Par Chérif Abdedaïm, le 31 mars 2017
Le jeu de mots est facile mais l’armée syrienne vient de réaliser une excellente opération à Deir Hafer, l’un des verrous du nord, en prenant la ville quasiment sans combattre. Les petits hommes en noir sont en débandade dans la région depuis la chute d’Al Bab, où les Turcs avaient si chèrement ferraillé pour le plus grand bonheur (et profit !) de Damas. Désormais, le nord est sécurisé et la retraite daéchique ne peut que s’accélérer afin de ne pas être pris entre deux feux.
Les YPG kurdes et l’US Air Force ont en effet mené une audacieuse opération aéroportée derrière les lignes de défense de l’EI à l’ouest de Taqbah.
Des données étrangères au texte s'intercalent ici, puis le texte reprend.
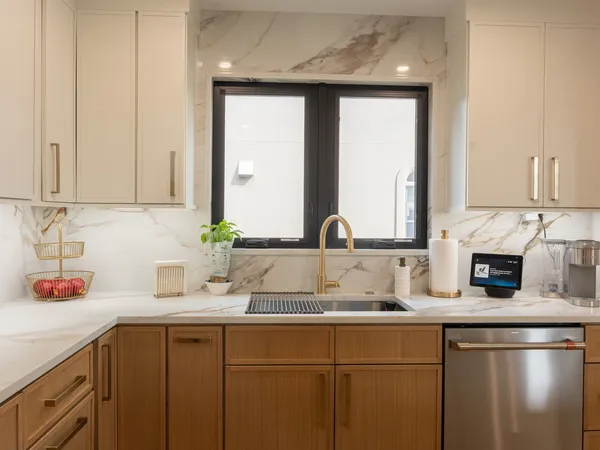 Margate Coastal Transformation — Marble backsplash and brass fixtures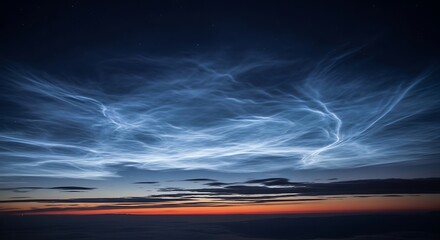 Obraz premium Enchanting Noctilucent Clouds dance across the twilight sky, their delicate luminescence creating a breathtaking and ethereal natural spectacle at the very edge of space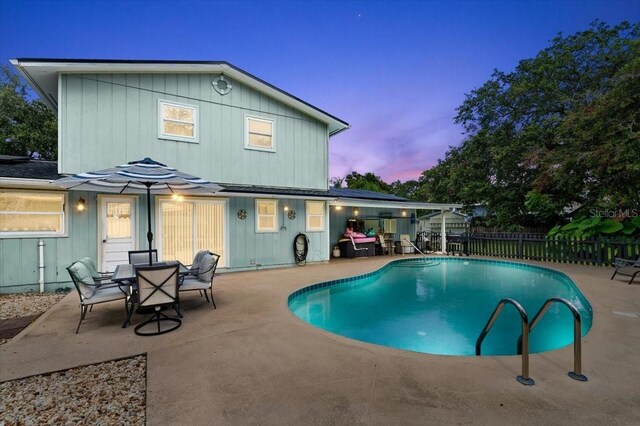 20 Putnam Ave, Ormond Beach, FL 32174 - pool at dusk with a patio area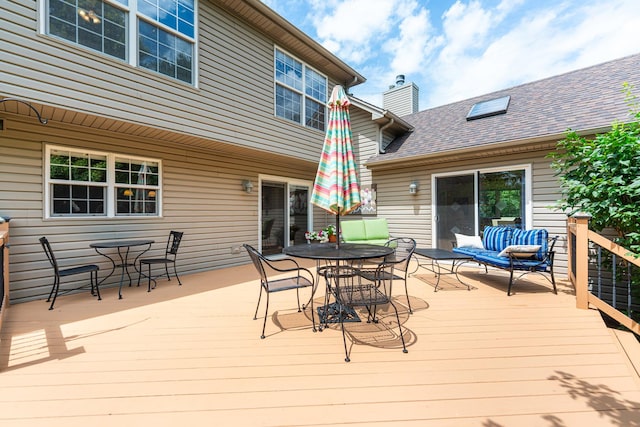 102 Quinlan Ave, Dekalb, IL 60115 - wooden deck with outdoor dining area and outdoor lounge area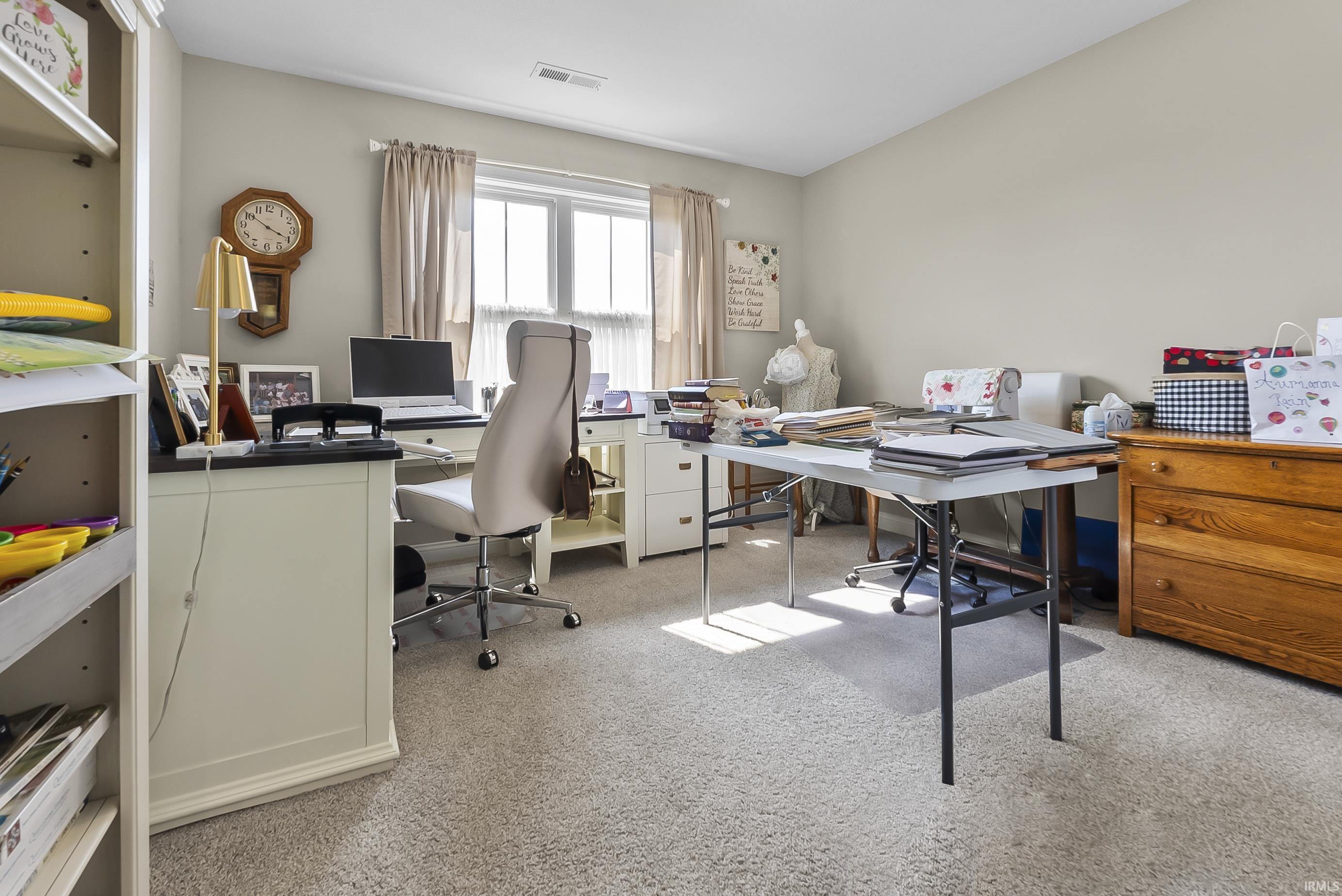 Carpeted room with a double window, light neutral wall color, and a built-in shelving unit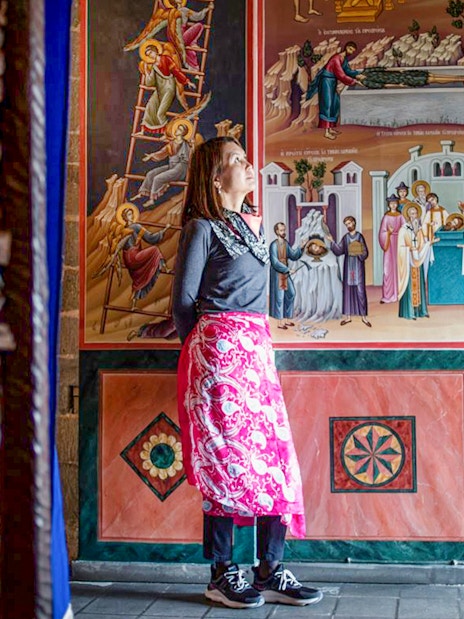 Female guest admiring frescoes inside Meteora Monastery, Greece.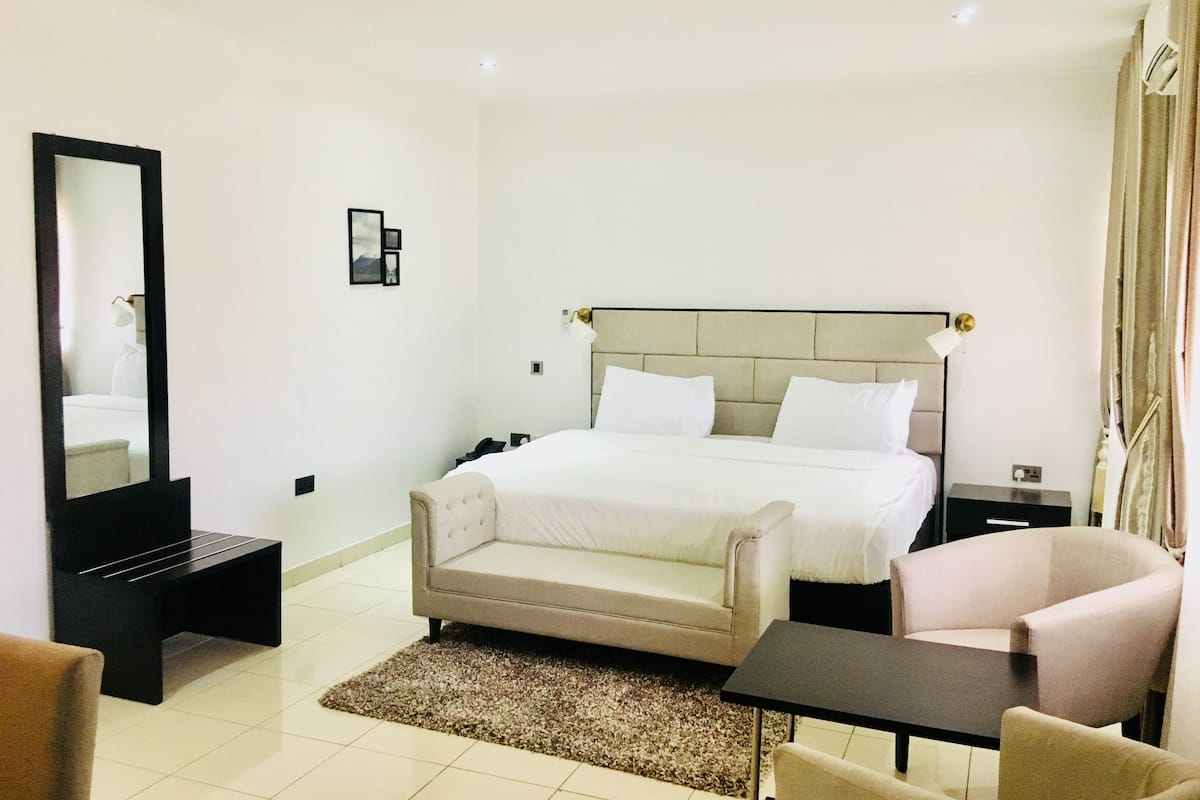 Ein Hotelzimmer mit Bett, Sessel, Tisch, Spiegel und einem kleinen Bild an der Wand.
Une tête de pont a été établie, coupant la route Deir Hafer-Raqqa et permettant d’attaquer la capitale califale par le nord, l’est et l’ouest :
Rappelons que c’est sur la route de Taqbah que l’armée syrienne avait connu une terrible désillusion l’année dernière. Avec une partie d’Alep encore aux mains des djihadistes, un territoire en peau de léopard, les axes de communication non sécurisés et l’absence d’alliance avec les Kurdes, les conditions n’étaient sans doute pas encore réunies à l’époque pour les loyalistes. Désormais, elles le sont même si ce sont les Kurdes qui mettent la main sur le point stratégique.
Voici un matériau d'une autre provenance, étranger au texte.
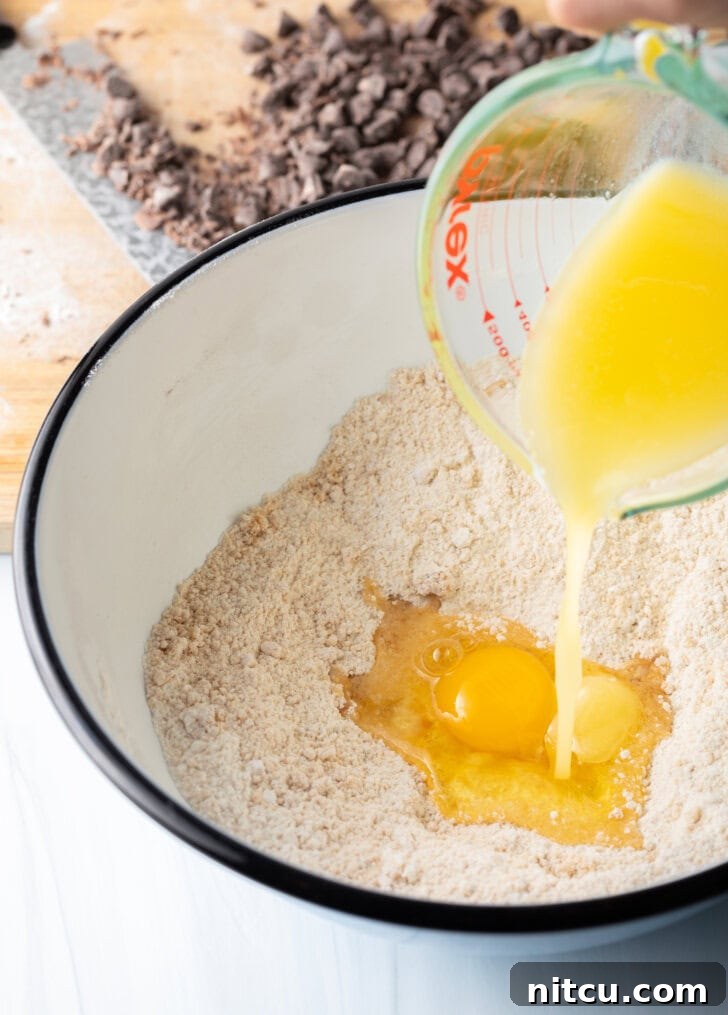 Ultimate Chocolate Chip Cookie Cake 5 Adding melted butter to the white mixing bowl with dry ingredients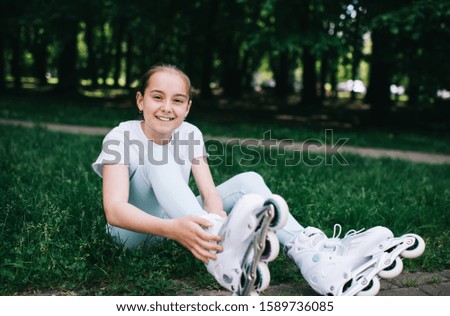 Joyful and delighted child sitting on lawn in park and putting on roller skates while smiling and looking at camera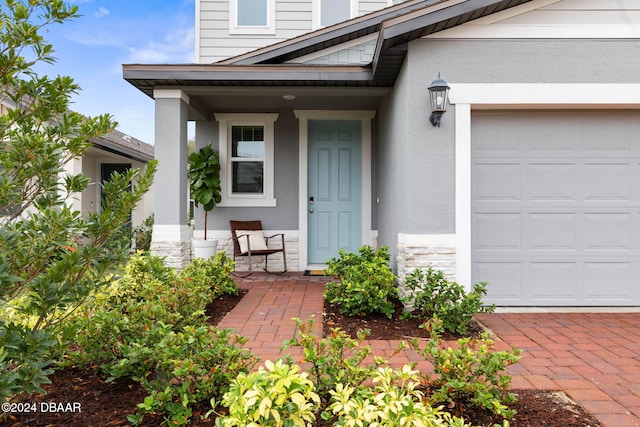 view of exterior entry with a garage and covered porch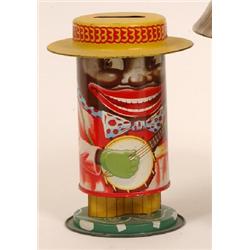 A Watch Me Grow Money Tin, modelled as a black man playing a banjo, 14 cm See illustration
Dans son palais, le sultan, déjà passablement exaspéré par le rapprochement russo-kurdo-américain et les rumeurs chaque fois plus consistantes de coopération entre Russes et Kurdes, doit friser l’attaque d’apoplexie. L’on note d’ailleurs un certain rafraîchissement entre Ankara et Moscou.
Mais on peut comprendre que, voyant la situation complètement lui échapper, il frôle la crise de nerf. Peut-il aller plus loin ? Sans doute pas… La crise gagne la Turquie, le chômage monte et le sultan, dont la popularité est de moins en moins assurée, ne peut se permettre de se mettre à dos la Russie, ni économiquement ni stratégiquement. En un mot, Erdogan est coincé.
Revenons à nos moutons de Taqbah… Si le commandant américain a fait remarquer que « le régime et la Russie ne seront pas contents car ils voulaient contrôler la ville », cela semble plutôt participer de l’opération de com’. En réalité, la concomitance des offensives sur Deir Hafer et Taqbah n’a échappé à personne. Quelques heures après le parachutage kurdo-US, les combattants daéchiques de Deir Hafer, menacés d’être coupés de Raqqa, ont dû sonner la retraite, laissant la ville à l’armée syrienne. Une coopération syro-kurde et, derrière, américano-russe ne serait pas pour nous surprendre…
Toujours est-il que l’offensive kurde encerclant Raqqa a le mérite d’obliger Daech à se redéployer et à dégarnir ses autres fronts. Les loyalistes assiégés à Deir ez Zoor depuis des années vont pouvoir souffler avec le départ de plusieurs bataillons de l’EI. De même, après la prise de Deir Hafer susmentionnée, les troupes d’élite des Tiger Forces ont été envoyées d’urgence au nord de Hama où les djihadistes « modérés » de l’Idlibistan ont lancé l’offensive. Ainsi qu’à l’est de Damas où l’armée syrienne, après avoir été un temps en difficulté, regagne le terrain perdu.